Copy every entry word for word, but skip the pictures.

= Beginning of Section =

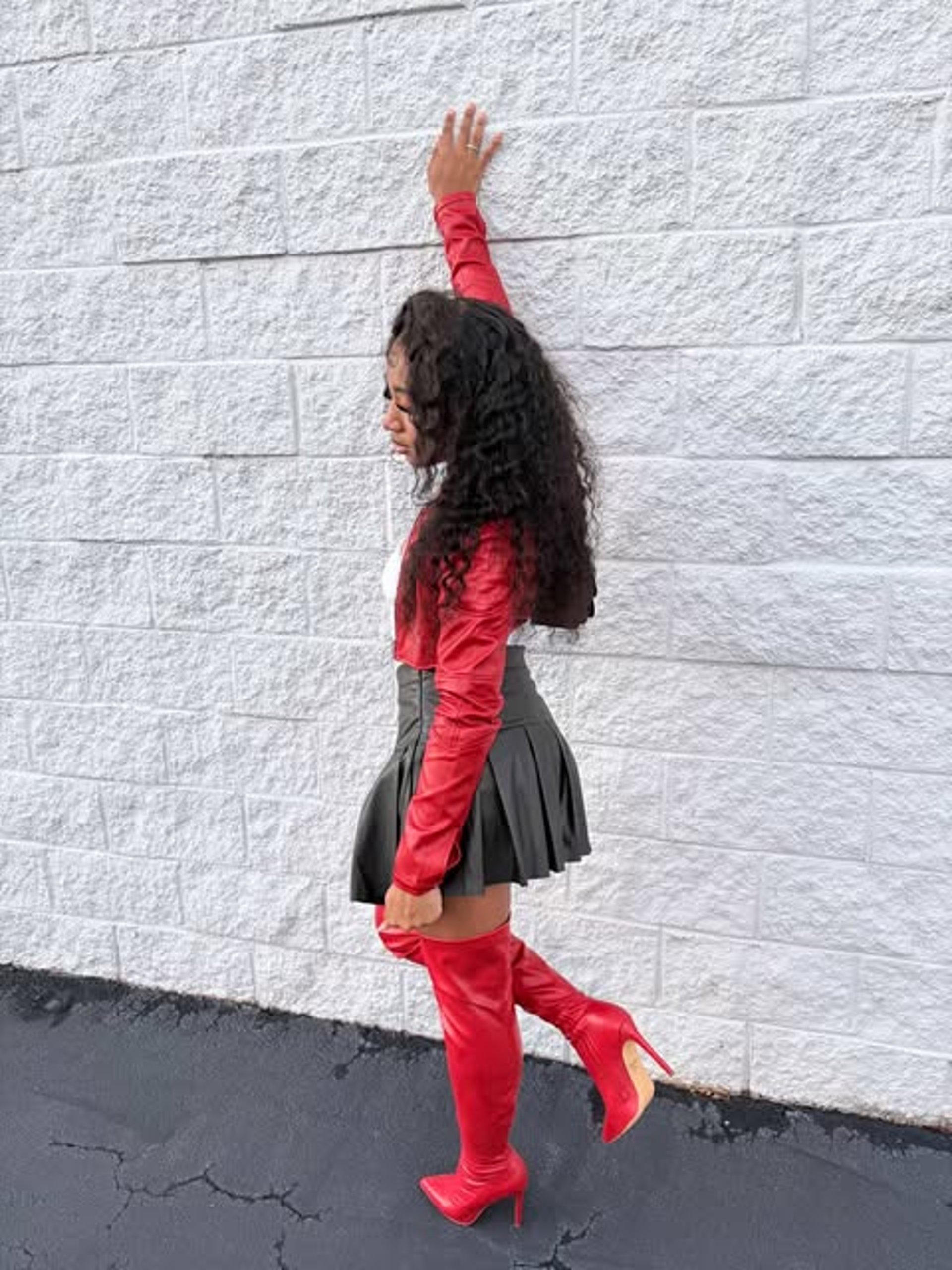 black and white bed linen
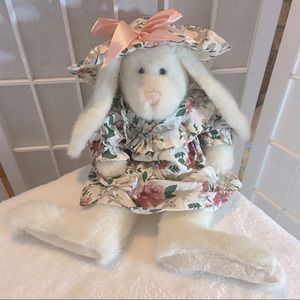 Boyds Bears Vintage Magnolia Bunny New with Tags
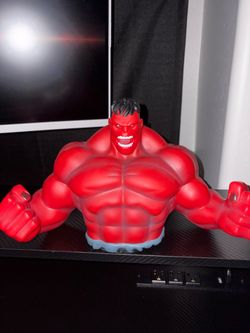 Red Hulk collectible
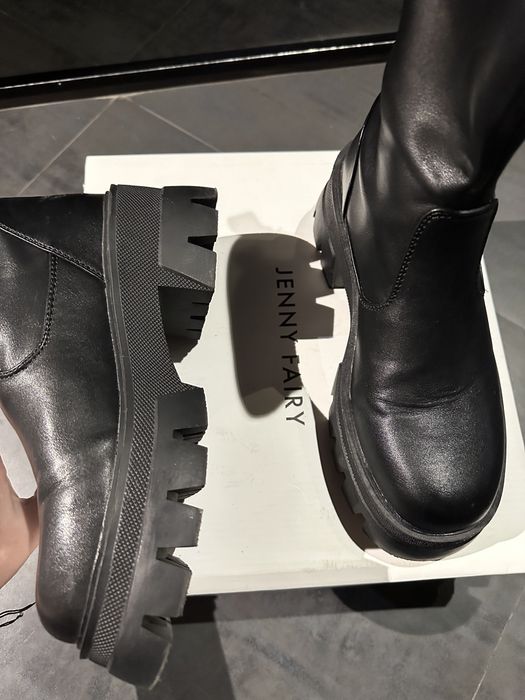 Дамски кожени боти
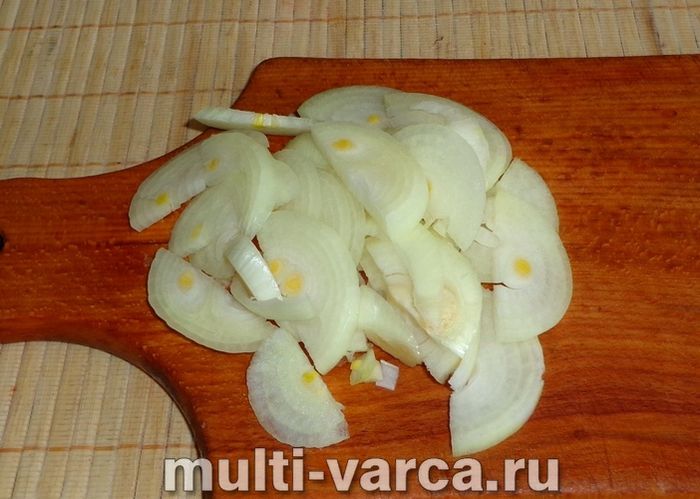 Минтай у мультиварці з морквою та цибулею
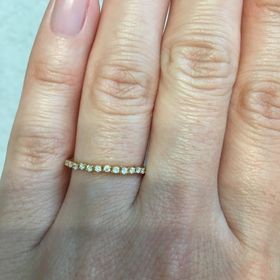 【agete(アガット)の口コミ】 華奢なアンティーク風のデザインがとても可愛いリングです。あえてダイヤ…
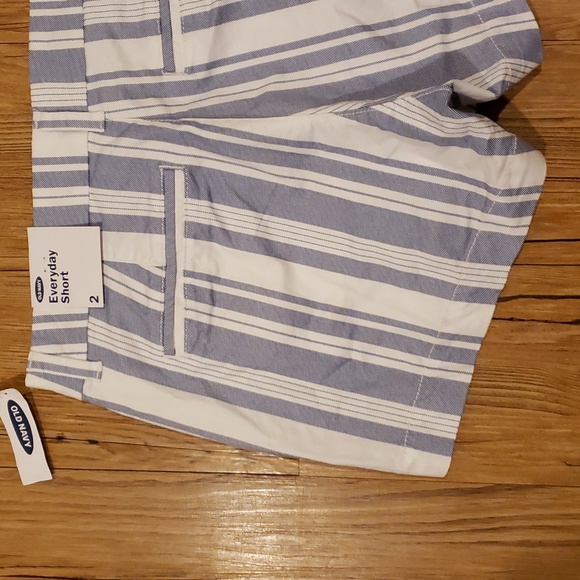 Old Navy Short - Picture 4 of 5
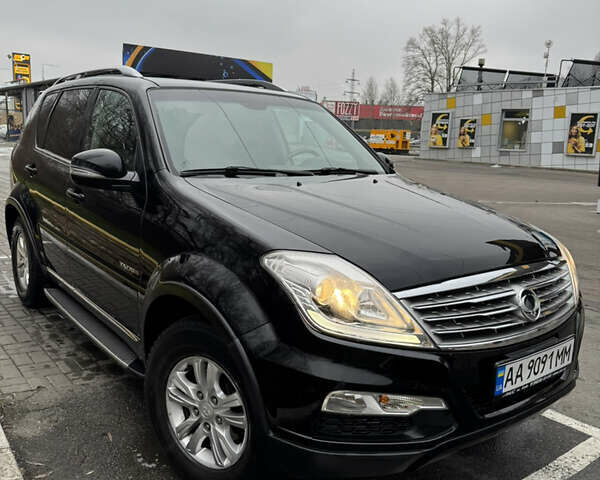 Чорний Cанг Йонг Rexton, об'ємом двигуна 2.7 л та пробігом 82 тис. км за 10900 $, фото 1 на Automoto.ua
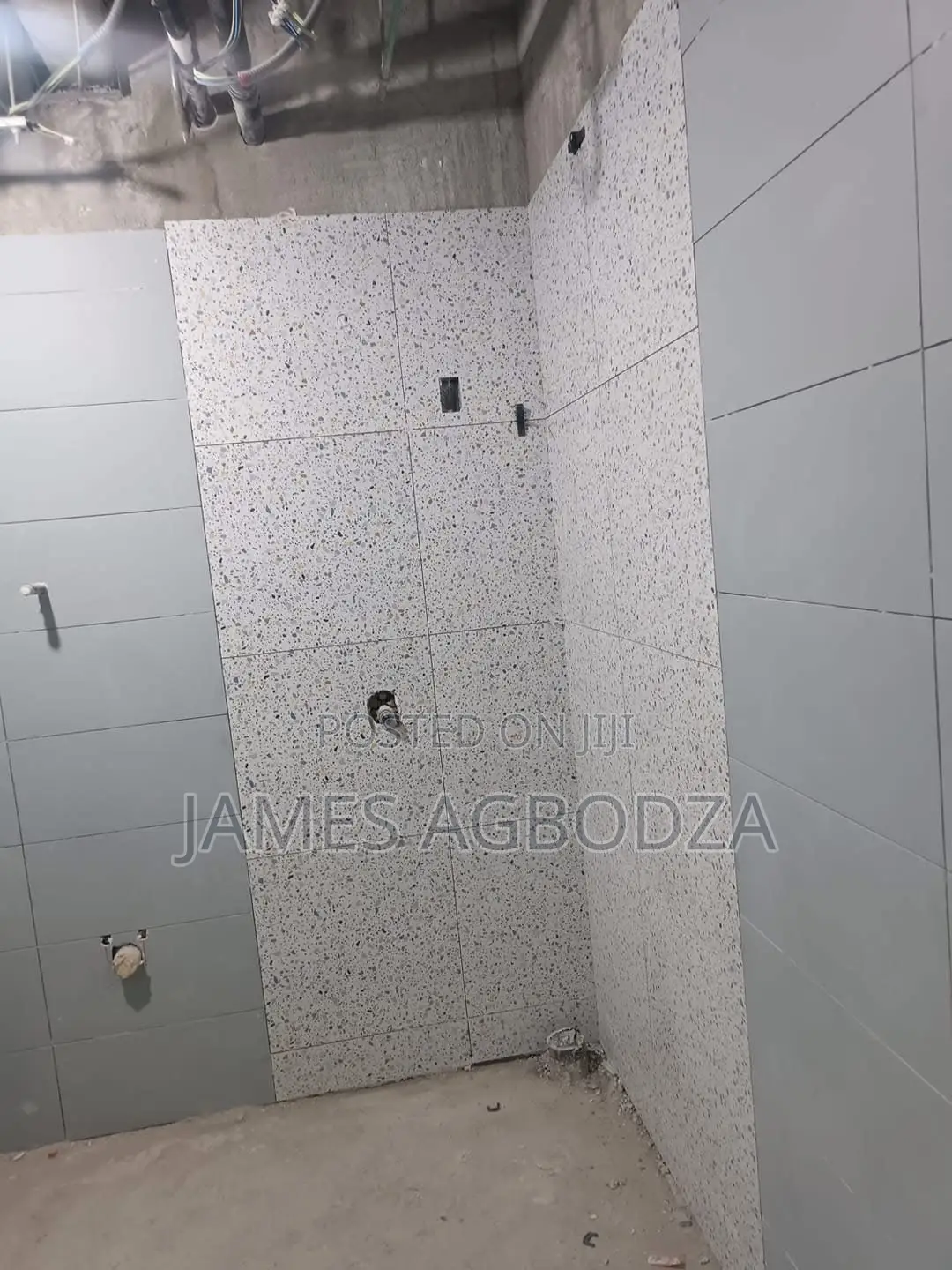 Professional Master Tiler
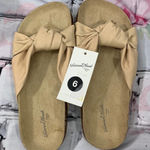 Universal Threads Universal Tread Junie‎ slip-on/ slide sandals (NWT) Photo 0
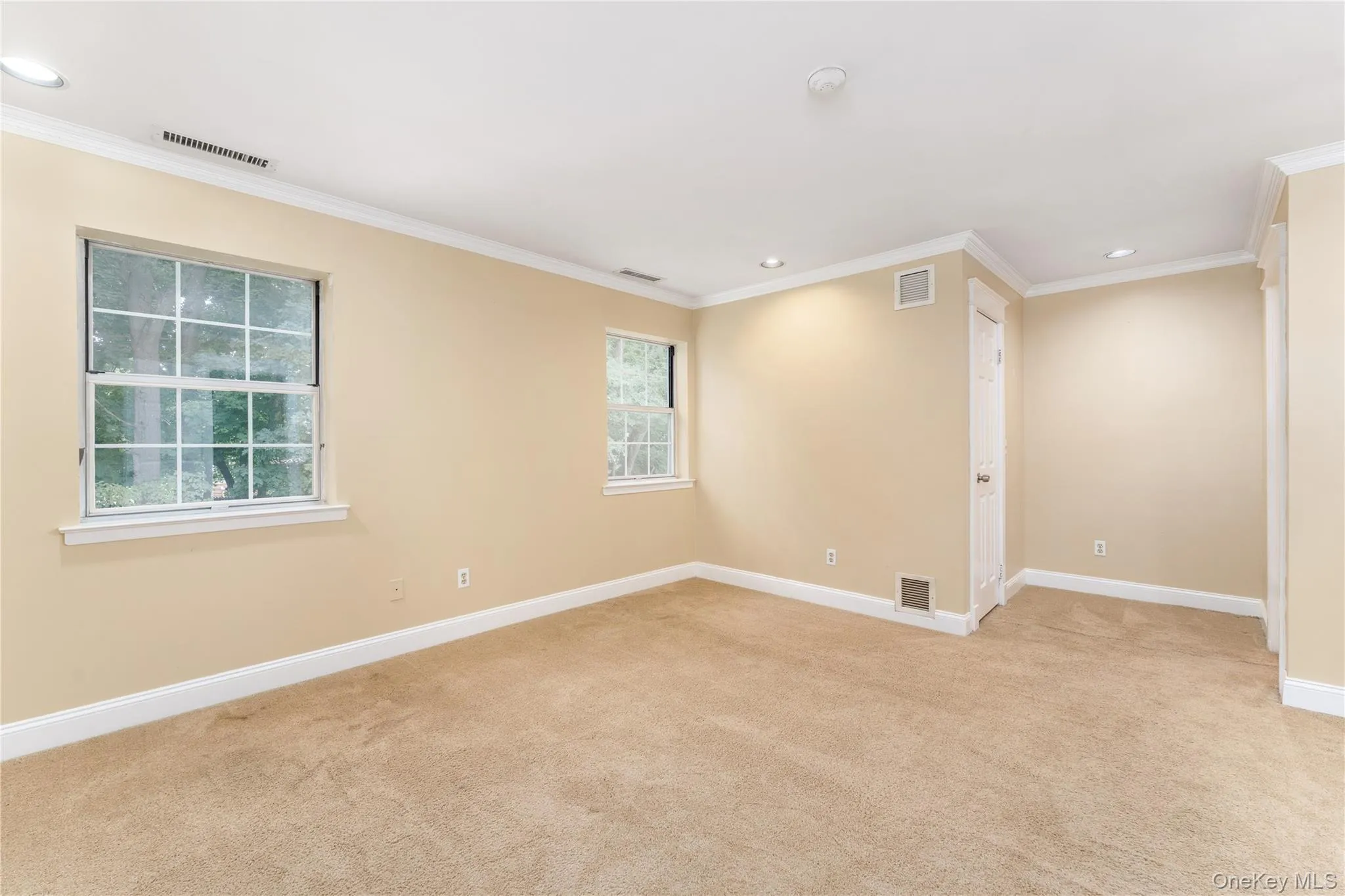 702 Sara Circle, Brookhaven, NY, 2 Bedroom Bedrooms, 5 Room Rooms,2 BathroomBathrooms,Residential Lease,For Rent,Sara,0,1061393 702 Sara Circle, Brookhaven, NY, 2 Bedroom Bedrooms, 5 Room Rooms,2 BathroomBathrooms,Residential Lease,For Rent,Sara,0,1061393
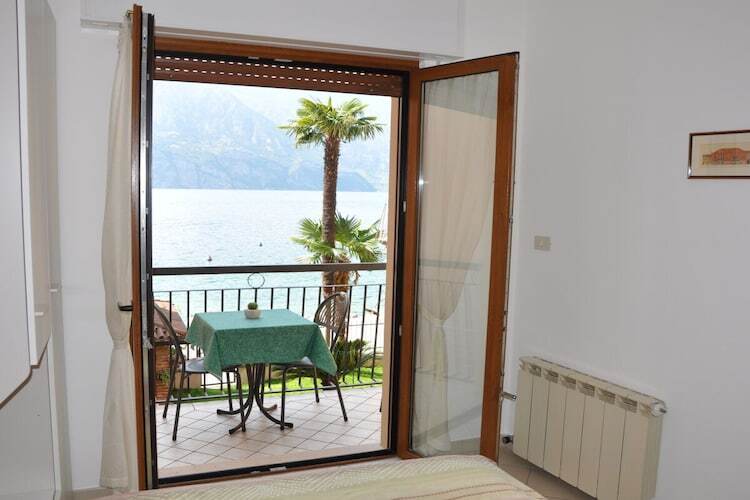 Maison au bord du lac à Malcesine, balcon vue eau - Photo 21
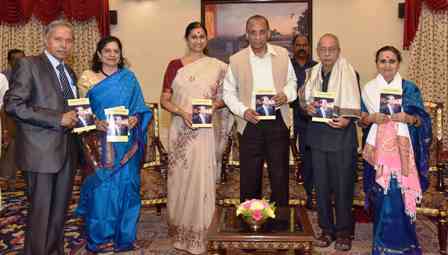 APVN Sarma a Role Model for Bureaucrats - Governor Narasimhan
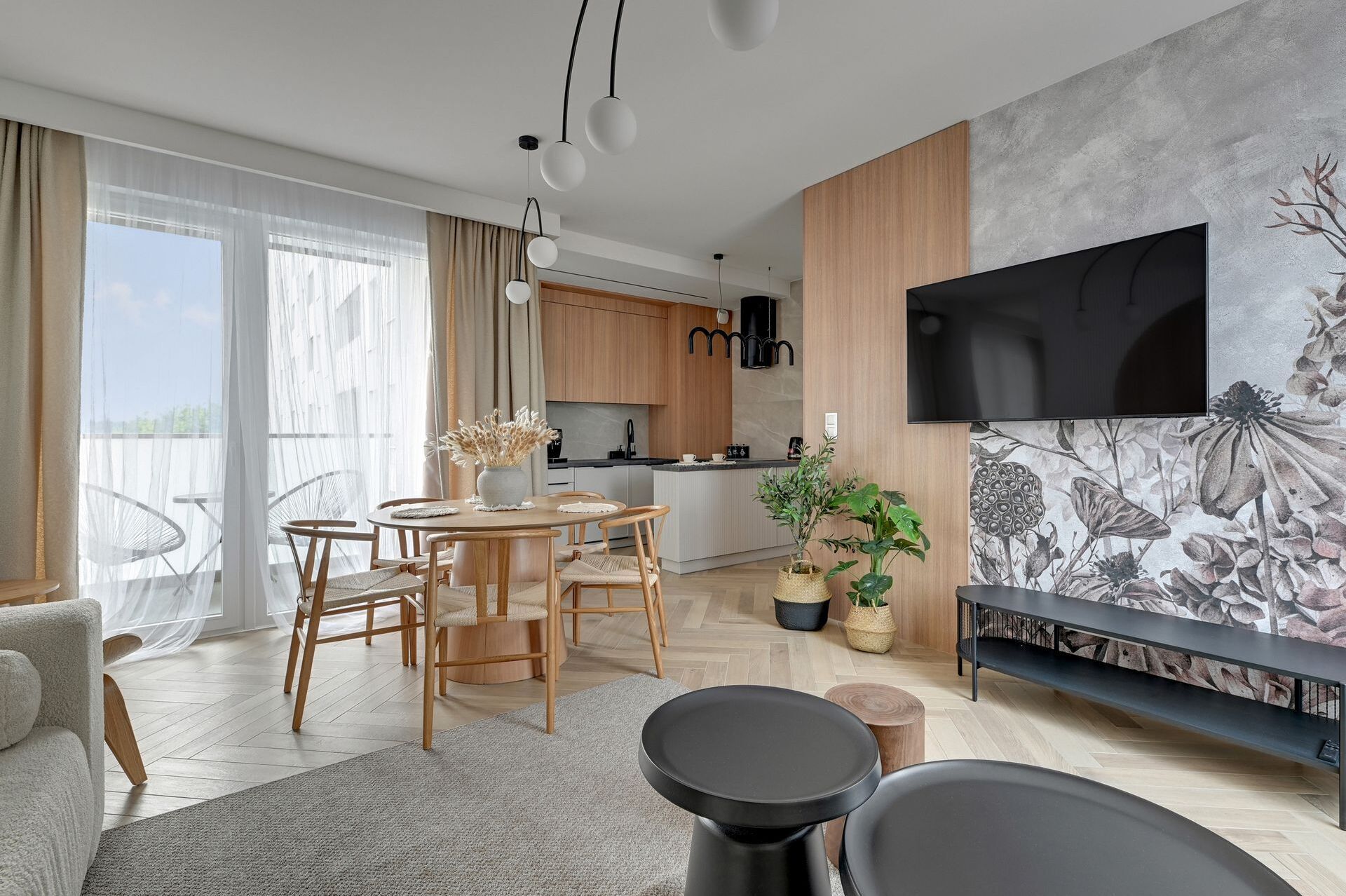 Grand Apartments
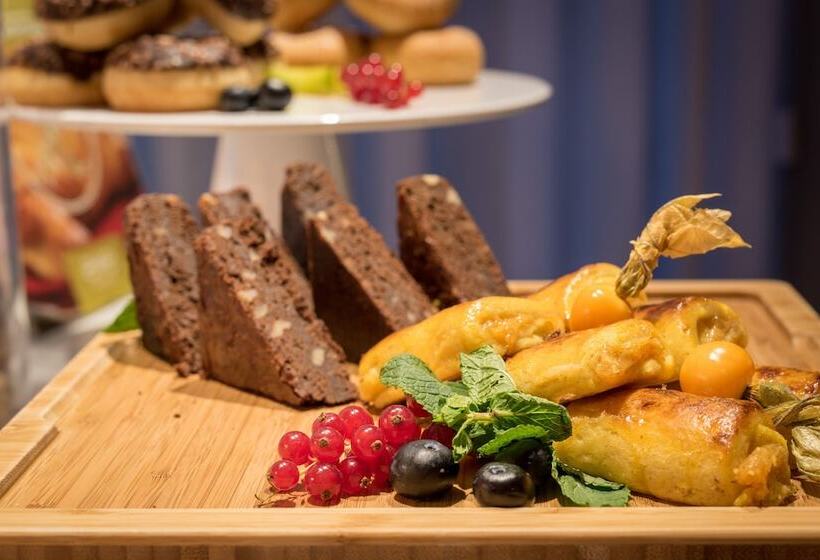 Fotos del hotel Exe Almada Porto:  4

= End of Section =

* **Solution to this task**
 black and white bed linen
 Boyds Bears Vintage Magnolia Bunny New with Tags
 Red Hulk collectible
 Дамски кожени боти
 Минтай у мультиварці з морквою та цибулею
 【agete(アガット)の口コミ】 華奢なアンティーク風のデザインがとても可愛いリングです。あえてダイヤ…
 Old Navy Short - Picture 4 of 5
 Чорний Cанг Йонг Rexton, об'ємом двигуна 2.7 л та пробігом 82 тис. км за 10900 $, фото 1 на Automoto.ua
 Professional Master Tiler
 Universal Threads Universal Tread Junie‎ slip-on/ slide sandals (NWT) Photo 0
 702 Sara Circle, Brookhaven, NY, 2 Bedroom Bedrooms, 5 Room Rooms,2 BathroomBathrooms,Residential Lease,For Rent,Sara,0,1061393 702 Sara Circle, Brookhaven, NY, 2 Bedroom Bedrooms, 5 Room Rooms,2 BathroomBathrooms,Residential Lease,For Rent,Sara,0,1061393
 Maison au bord du lac à Malcesine, balcon vue eau - Photo 21
 APVN Sarma a Role Model for Bureaucrats - Governor Narasimhan
 Grand Apartments
 Fotos del hotel Exe Almada Porto:  4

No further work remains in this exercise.